The SPB data data generator uses ontologies and reference datasets provided by BBC, to produce sets of creative works. The data generator supports the creation of arbitrarily large RDF datasets in the order of billions of triples that mimic the characteristics of the reference BBC datasets. The generator produces creative works that are valid instances of BBC ontologies and define numerous concepts and properties employed to describe this content. SPB uses seven core and three domain RDF ontologies provided by BBC. The former define the main entities and their properties, required to describe essential concepts of the benchmark namely, creative works, persons, documents, BBC products (news, music, sport, education, blogs), annotations (tags), provenance of resources and content management system information. The latter are used to express concepts from a domain of interest such as football, politics, entertainment among others. Reference datasets are employed by the data generator to produce the data of interest. These datasets are snapshots of the real datasets provided by BBC; in addition, a GeoNames and DBPedia reference dataset has been included for further enriching the annotations with geo-locations to enable the formulation of geospatial queries, and person data. A creative work is described by a number of data value and object value properties; a creative work also has properties that link it to resources defined in reference datasets: those are the about and mentions properties, and their values can be any resource. The generator models three types of relations in the data: clustering of data, correlations of entities and random tagging of entities (the interested reader can find more details in [2]. The versioning benchmark will comprise versions of SPB datasets that follow the aforementioned principles of data generation.

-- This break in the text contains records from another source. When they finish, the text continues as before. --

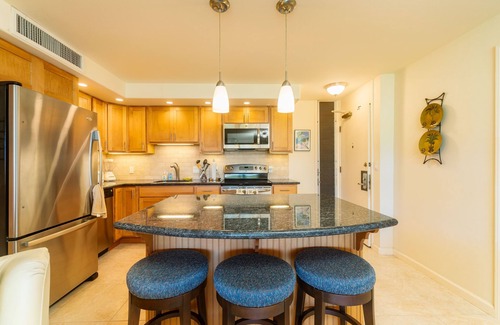 Kaanapali Condo | Maui Eldorado #H104 Garden View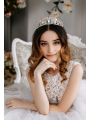 AW AB Rhinestone Tiaras and Crowns for Women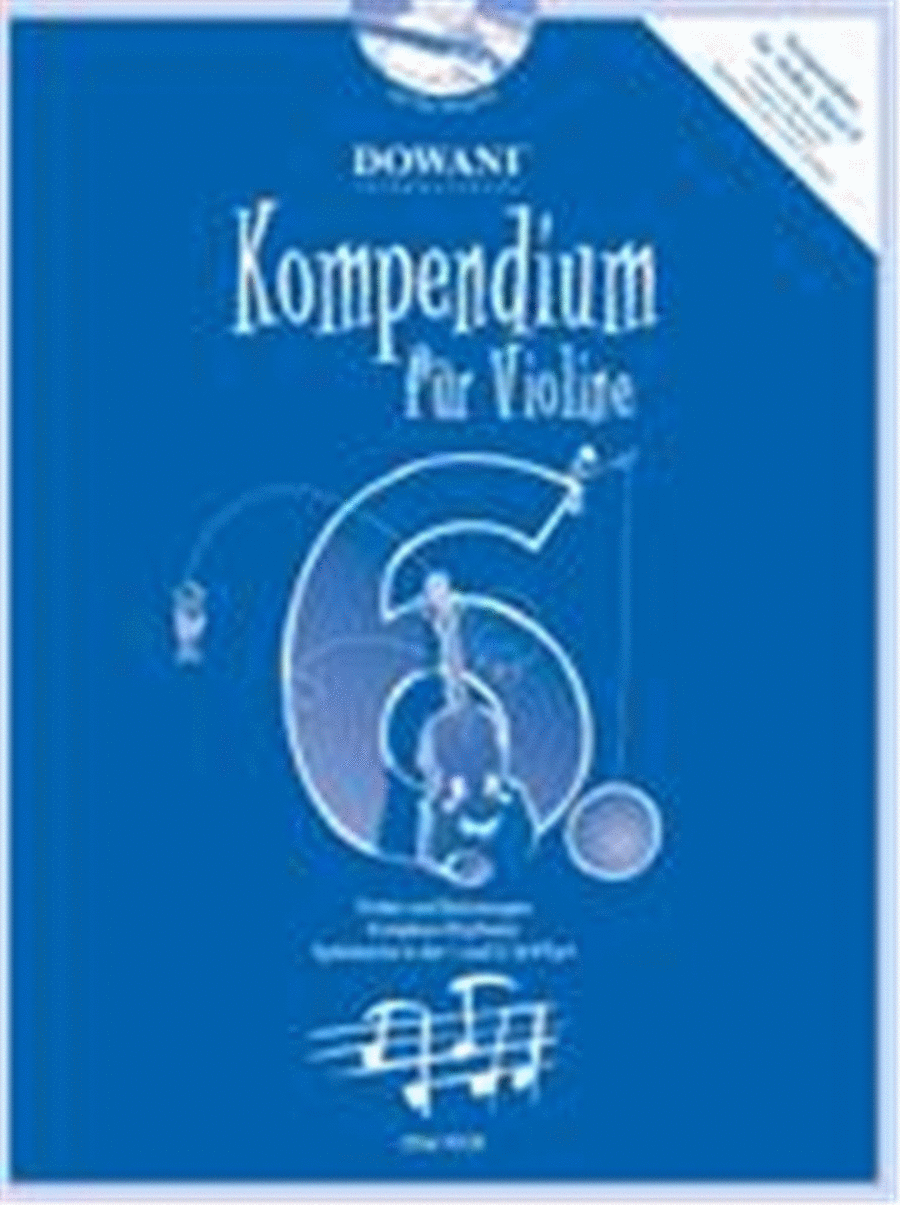 Kompendium für Violine Band 6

The transport dataset of linked connections

A significant portion of people use public transport for their travels. The count-less public transport services worldwide, combined with their usage, lead to an enormous source of information. Many public transport companies worldwide provide this data using the GTFS ** standard, which can be converted to Linked Data using the Linked Connections  framework [1]. Such data is an ideal source for the benchmarking of systems because of its time and space dimensions. These datasets contain geospatial information about stops, temporal information about transit schedules and the interlinking between both. In many cases, benchmarking requires the ability to create synthetic datasets with specific properties of any given size. This is why we provide a public transport dataset generator that is able to create realistic public transport areas, networks and schedules. The generator can be configured to produce countless of synthetic datasets using a wide range of parameters.


  1. Colpaert, P., Llaves, A., Verborgh, R., Corcho, O., Mannens, E., Van de Walle, R.: Intermodal public transit routing using linked connections. In: Proceedings of the 14th International Semantic Web Conference: Posters and Demos (2015)
  2. Kotsev, N. Minadakis, V.P.O.E.I.F., Kiryakov, A.: Benchmarking rdf query en-gines: The case of semantic publishing benchmark. In: BLINK Proceedings (2016)